As Plato tells it, the beautiful orderliness of the universe is not only the manifestation of Intellect; it is also the model for rational souls to understand and to emulate. Such understanding and emulation restores those souls to their original state of excellence, a state that was lost in their embodiment.
Background
Despite some critical bickering, it is generally accepted that the Timaeus was written in the “late” period.
-
THE SETUP
- SOCRATES first recapitulates the main points he made the previous day (similar to those in “The Republic”, but unrecorded) to all present’s satisfaction. Apparently, today, Socrates was to listen, and CRITIAS and TIMAEUS were to tell.
- Critias suggests that he tell a lost story - and he swears it is factual - of the old Athenians. Socrates’ (unrecorded) account of perfect governance had brought it to his mind. In order for this story to be told, however, Critias will require a fairly long wind-up from Timaeus, which constitutes the entirety of this dialogue.
- Timaeus (an astronomer) will begin with the generation of the world and go up to the creation of men (inclusive, it turns out). Critias will take it from there, which he does in the next (eponymous) dialogue.
- In his prefatory remarks Timaeus describes the account he is about to give as a “likely account” (eikôs logos). This apology is clearly meant to lower our expectations: the account is no more than likely. It will take place it three substantive parts.
- The first two seem to actually be two separate accounts of the causes of the way the universe is: the divine and necessary causes, respectively.
- Finally, we will get an account of how this all comes to constitute the human.
-
THE ACHIEVEMENTS OF THE INTELLECT, PART 1: THE TELEOLOGICAL UNIVERSE
- Timaeus begins with a (now familiar) account of “what is and never becomes” (that which is apprehended by reason - the Forms, or the pattern) and vice versa (apprehended by opinion).
- Overview: The achievements here are those of the creation of the world, and “the intellect” here is God. Here is an overview of the argument for God:
- Some things always are, without ever becoming (27d6).
- Some things become, without ever being (27d6-28a1).

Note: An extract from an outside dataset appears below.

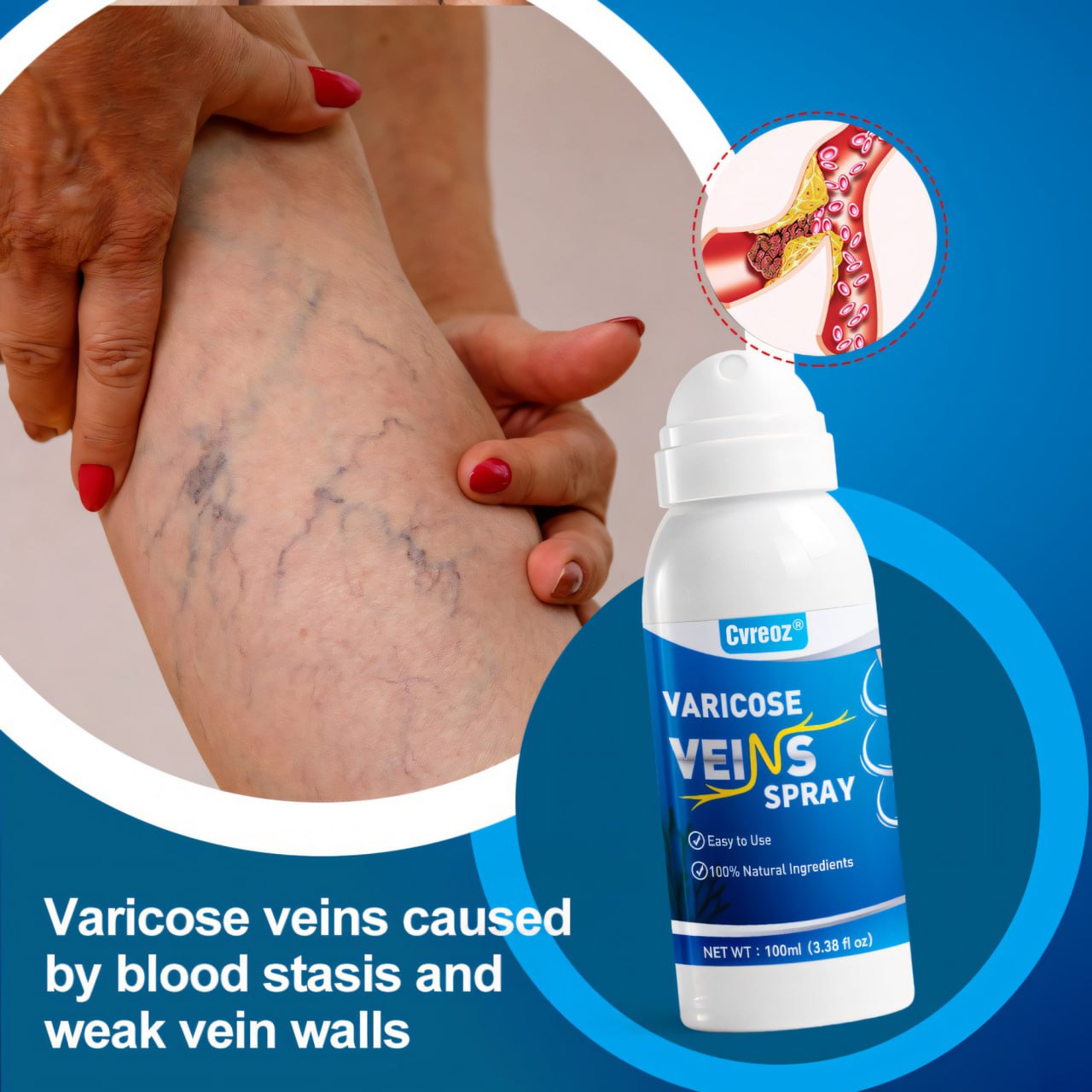 ⏰Last Day Promotion: 60% OFF🔥Cvreoz® VenoAid Varicose Vein Spray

- If and only if a thing always is, then it is grasped by understanding, involving a rational account (28a1-2).
- If and only if a thing becomes, then it is grasped by opinion, involving unreasoning sense perception (28a2-3).[16]
- The universe is a thing that has become (28b7; from 5a-c, and 4).
- The universe is visible, tangible and possesses a body (28b7-8).
- If a thing is visible, tangible and possesses a body, then it is perceptible (28b8).
- If a thing is perceptible, then it has become (28c1-2; also entailed by 4).
- Anything that becomes is caused to become by something (28a4-6, c2-3).
- The universe has been caused to become by something (from 5 and 6).
- The cause of the universe is a Craftsman, who fashioned the universe after a model (28a6 ff., c3 ff.; apparently from 7, but see below).
- The model of the universe is something that always is (29a4-5; from 9a-9e).
- Either the model of the universe is something that always is or something that has become (28a5-29a2, also implied at 28a6-b2).
- If the universe is beautiful and the Craftsman is good, then the model of the universe is something that always is (29a2-3).
- If the universe is not beautiful or the Craftsman is not good, then the model of the universe is something that has become (29a3-5).
- The universe is supremely beautiful (29a5).
- The Craftsman is supremely good (29a6).
- The universe is a work of craft, fashioned after an eternal model (29a6-b1; from 8 and 9).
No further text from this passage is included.